Beth went through, page by page, and wrote her comments and thoughts. During the presentation she went through all the editorial steps and communications with the author to get the piece to the final draft – from little things such as pointing out that the giraffe was tall, to establishing the character’s characteristics within the first page – opposed to just stating what the character looked like.
At the end, she allowed for question and answers.
While I’m not to a point of publication – and the piece I had originally thought to be ready for publication I have already decided to re-write, chapter for chapter – Beth gave me a few things to consider with my writing.
- Within the first few pages, the character’s characteristics should be established (as mentioned).
- Within the first few pages, the issue should be established.
For example, in the book I was reading, The Memory-Keeper’s Daughter, within the first few pages you know a woman is going into labor, and twins are born. Within the first chapter is known that a child with Downs Syndrome is born, and the father sends her to be put in an institution. Within the first few pages, the issue is known.
- Really reiterating to be sure that the reader discovers for themselves via the character that which needs to be discovered, rather than being told by the narrator.
This is something that I have heard over and over again. The example used was the narrator was saying that the little zebra shouldn’t have wandered so far from home.
The argument I have with this, especially as I do it a lot – is the narrator not being the all-knowing third person, but just the second person. The person that only knows what the character knows. I might say something like “He shouldn’t be here, he should be at home, snug in bed,” meaning that this is what the character is thinking. it’s the narrator telling the reader what the character is thinking, rather than putting the text in italics/quotations and ending with “he thought”. Is there a difference at this point? Is it semantics?
The point being to let the reader make the connection that the character should or shouldn’t be doing something, trust that the reader is going to come to the conclusion of what should or shouldn’t be done, regardless of what the character chooses to do.
Unfortunately I forgot to bring that point up. Oops.
- Being sure that the narration doesn’t take away from the story.
Once again, it was a similar example used as above, where the narrator in the first draft was saying that the little zebra shouldn’t be there, though taking it a step further. In the first draft, the narrator said that the little zebra’s mother was worried. By doing this, the reader was taken away from the focus of the little zebra, back to the unknown whereabouts of his herd, to his mother, who was worried.
The all-knowing third person, but only for a moment.
- Being careful not to repeat a point.
I know that in my completed novel, I certainly repeat certain points to really drive home the feeling that my character is feeling, however, is it necessary?

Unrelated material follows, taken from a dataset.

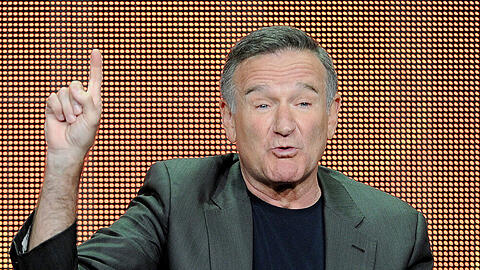 Verschenkt vor seinem Tod sein Rad: Robin Williams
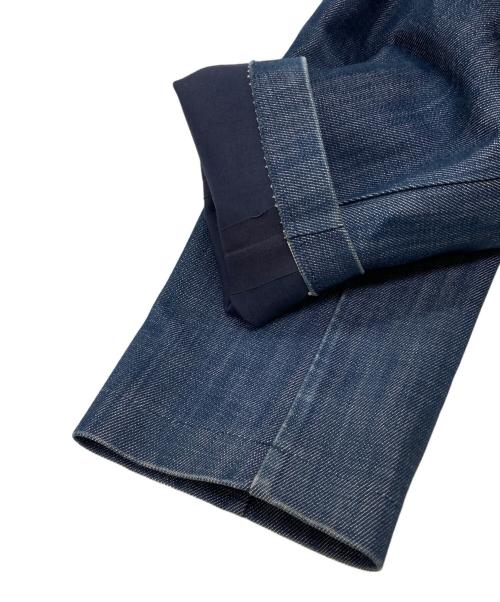 MACKINTOSH（マッキントッシュ）MACKINTOSH (マッキントッシュ) ゴム引きデニムコート インディゴ サイズ:38の古着・服飾アイテム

This is one of those things that I think might be different between a kids book and a full on novel. After all, a children’s book is generally only a few pages, verses a novel which is generally a couple hundred. There is a lot of information to get lost.
Opinions from any one on this point?
- Slow down and take your time.
The little zebra wandered off from the watering hole, then found himself at another place of water where he came across a crocodile, then on to the river where he met the hippo, and so on. Beth pointed out that this is confusing, the amount of different watering places that the zebra went to, yet couldn’t find his herd.
By spending a little more time to analyze the whole surroundings, whether or not the whole area is describes, it allows constancy opposed to redundancy,
- Who is doing the discovering/learning?
While other characters of course can discover and learn and bring new information to the table, it is the main character that has to do the learning and discovering of the final hurrah – whatever that may be. The story is the journey of the main character, the character that the reader has essentially taken into themselves, and thus wants to be “the one” to put the pieces together.
- Keeping in mind cultural difference between author and publisher.
This was not something that Beth brought up directly, but something that I noticed, and a few things that she had struggled with.
In the UK, some sentences are structured differently than ours, their spellings are different that ours, and their nick-names are different than ours.
For example, the zebra’s name was Zips. They had wanted to change it to Zip. However, in the UK (and I’m sure other parts of the world), they generally shorten names and slap on an “s” to it. For example, I have a cousin by the name of Rebecca, who’s shortened name is Becky, which is further shortened to Bex, or Becks (I’ve not seen this written out). Or even the word “sorry” is shortened to “Soz” in some areas.
Since the author chose to send his piece to a publisher in the US, that is something he could expect to compromise, change completely, or hold his grounds on.
Me personally – keep the cultural differences. If kids in the US don’t get it, it’s an opportunity for both parent and child to expand their cultural understanding.
- Allow the editing team to contribute
When a book is submitted and accepted, it’s not a matter of going straight to print. As mentioned before, there is a whole process that goes into this. Allowing the editorial team their input and working with them will help the peice to grow and show some perspectives that the author may have thought of.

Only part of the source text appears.